Typical hunting grounds of the casual golf ball hawk.


Then there is the piggy hawk. He’ll have two or three different golf ball retrievers, including things that look like dredging equipment for skimming wide paths through the muddier water hazards where a golf ball or two maybe hiding. You’ll also notice a piggy ball hawks golf bag, it has plenty of room for found golf balls. The piggy golf ball hawk stops at every puddle along the way, makes a pass or two with his dredging equipment. Also if you’re looking for your ball in the rough or woods, don’t really expect him to find it, at least when you’re there. He’ll come back later at another time and pick it up. The piggy ball hawk is the kind that looks under every bush and whenever there is a slight delay in play, starts scrambling into the woods looking under every branch scouring the area constantly until play has resumed. The piggy hawk also tends to keep all the balls he finds be they premium golf balls or economy golf balls. 

Only the good Lord knows what he intends to do with all those golf balls, pawing through his dubious collection reveals not only the latest and greatest golf balls, but golf balls approaching vintage status as well.



Typical hunting grounds of the piggy hawk, a small green side pond 
with tall and thick cat of nine tails, surrounded with ankle deep rough.


Lastly there is the master golf ball hawk. While many fall prey to the "piggy hawk", everyone falls prey to the master ball hawk. The master ball hawk takes a scientific approach to his craft by studying your game, especially your errant shots.

A photo a a master golf ball finder setting up shop to sell his stock.
A professional ball hawk setting up shop 
on a nice lush island course. 
Note the location he has chosen, the tee that immediately follows a water protected par 3 green. A spot I'm sure where some players thoughts turn to "Do I have enough ammo to finish my round ?

The master hawk has a rich and long history that goes back to the feathery golf ball. The feathery golf ball was so expensive, that people would actually go out onto the golf course and look for golf balls to resell. 

A feathery golf ball by today’s standards would probably cost about $25.00, so you can imagine that this would be a highly profitable activity. 

In fact ball hawking was so lucrative that often times caddies would actually steal the balls that were "lost" in the rough and them resell them to the players. 

There were even stories of a caddy at St. Andrews’ that had a trapdoor built into the bottom of his boot so that when he came across an errant shot that was hit into the rough, he would simply step on the ball with his trapdoor boot, scoop the ball into his hollow heal boot, 2-3 days later resell that ball to the player for a nice little profit! 

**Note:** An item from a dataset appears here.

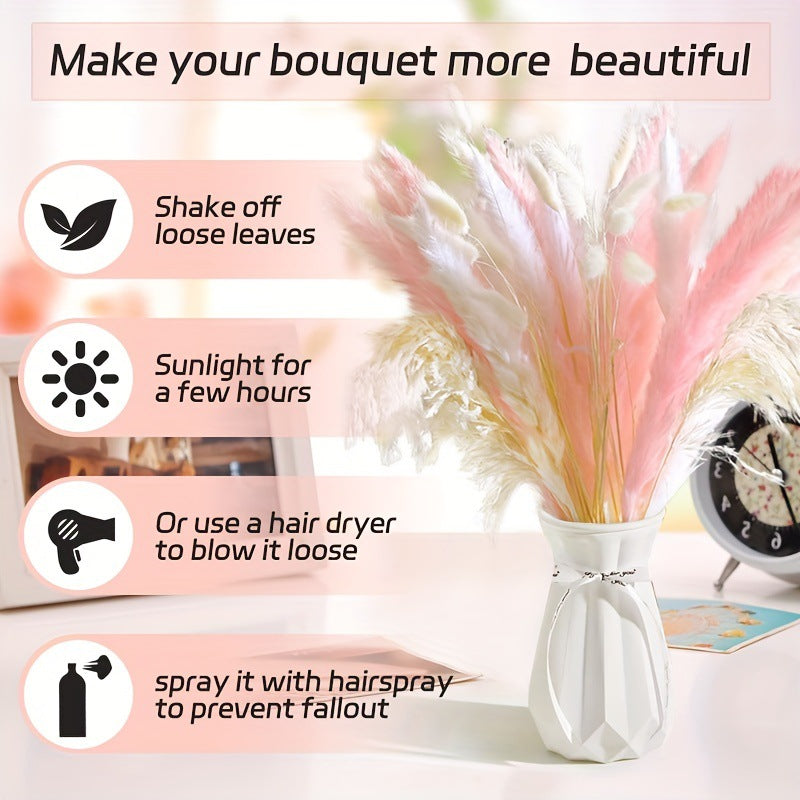 Dried Flower Bouquet - Preserved Grass Flower Arrangement for Home Decor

A number of today's the master ball hawk usually doesn’t resell his golf balls. In some cases they may resell their findings to the local pro for 50 cents, 75 cents apiece, depending on the quality and whether they are economy,  premium or logo golf balls. Most master ball hawks today do it strictly to torment the other players in the club. The master ball hawk of today also knows the special markings that individuals put on their golf balls for identification purposes and this is how he is able to torment the player so easily as he returns them with a grin saying "I think I’ve found something that belongs to you"! The other thing the master ball hawk of today likes to do is spread nasty rumors of "...these golf balls belong to John Smith. You couldn’t possibly believe where I found them. I hope he counted all his penalty strokes".

Here are a few secrets and tricks of the master hawk you may find interesting.

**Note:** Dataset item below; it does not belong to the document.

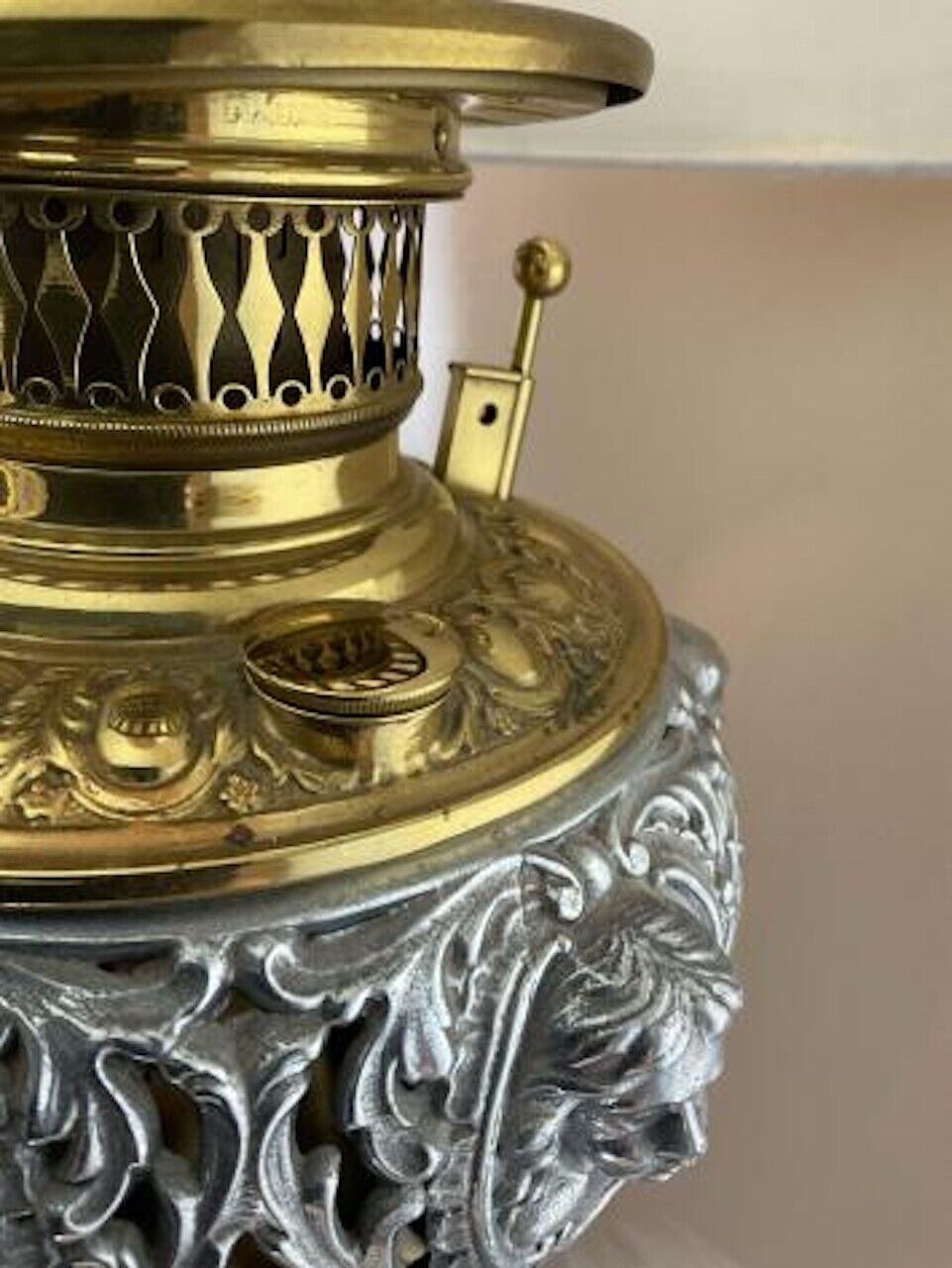 Antique Ornate Single-Bulb Electric Silver And Gold Tone Table Lamp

  • He knows when you’ve been on the golf course, and where to go to look for your lost golf balls. He has made a study of your game and knows your tendencies so when he asks "So how did you play ? Did you have any troubles ?" Be assured this is not idle chit-chat or concern in anyway about your game, he wants to know did you lose any balls and if so where !
  • A little known secret of the master ball hawk is if you're walking along the woods or the rough, and you find a golf ball in a spot where you don’t think anyone could ever hit a ball, look in a circle 9 meters around that ball, and the odds are you’re going to find another ball. 
  • The master ball hawk knows that a good supply of inexpensive golf balls can be found are found usually 170 to 180 yards off the tee, on the right hand side, either in the woods or the deep rough. 

  • You may find a few premium golf balls also along the right hand side, but they’ll be more like 220 or more yards out in the right rough. You also may find a good supply of premium golf balls if you look at wooded areas and rough areas around the greens, especially long and left. 

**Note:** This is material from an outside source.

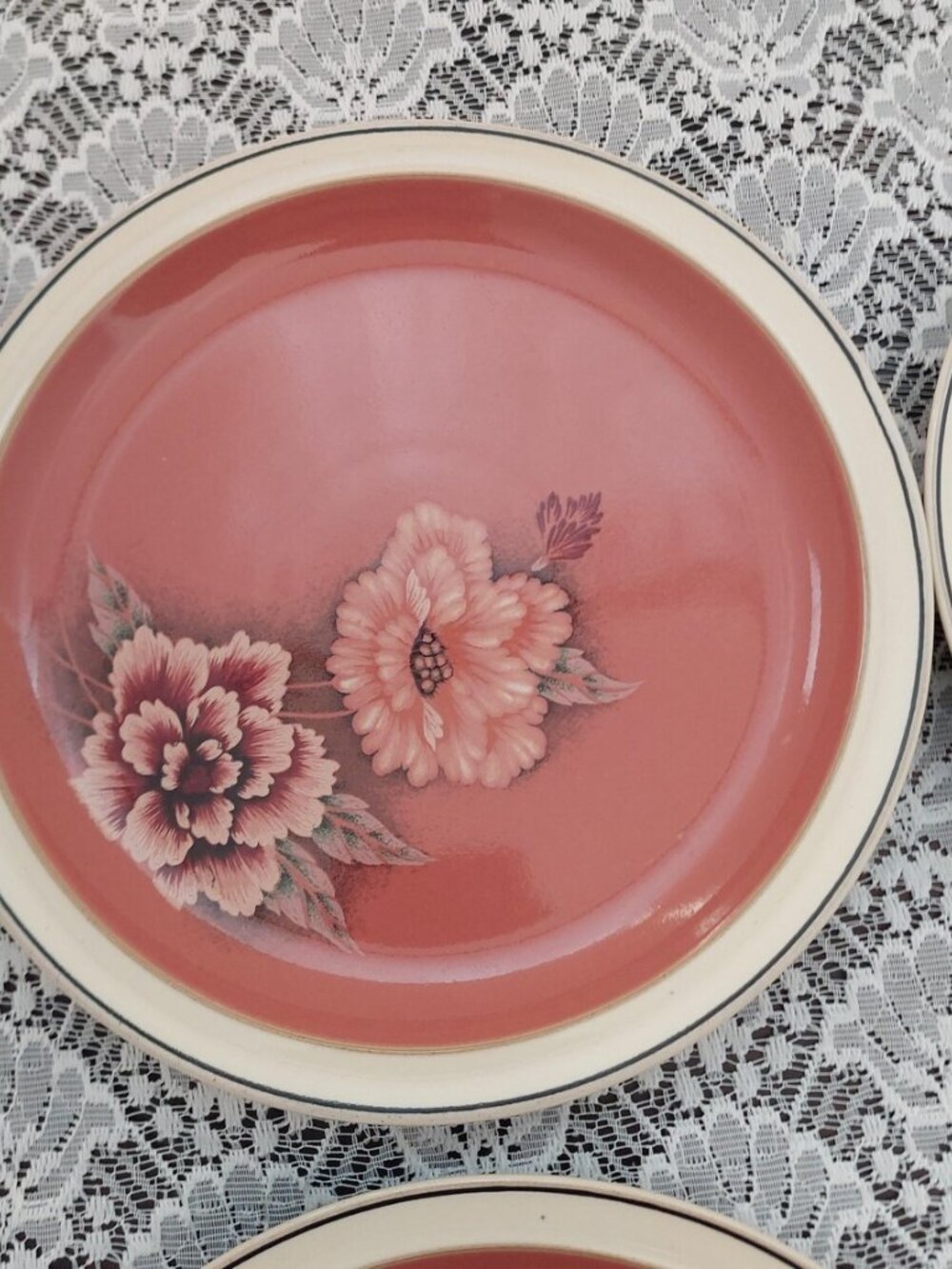 Vintage Denby England Damask Pink Stoneware Salad Plates x4 - Picture 8 of 10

This new bunker is going to annoy the master ball hawk as it will prevent balls 
from entering the deep rough and woods. This location is about 220 yards 
off the first tee and prime hunting ground for once hit premium golf balls.


  • The master hawk knows that the average golfer has a new ball for 18 to 20 full swing strokes. This gives him a keen edge on where to start his focused searches.
  • After charity type golf tournaments a good place to look for balls, is the tall grass just in front of all the tees, that have to be carried by the tee shots, these can be prime early morning picking grounds for the master ball hawk, especially if the golf tournament was a scramble. 
  • The master ball hawk never carries a ball retriever in his golf bag. You can bet he has one though, along with the  other "special tools" in his golf ball finding arsenal, for his casual early morning strolls around the golf course.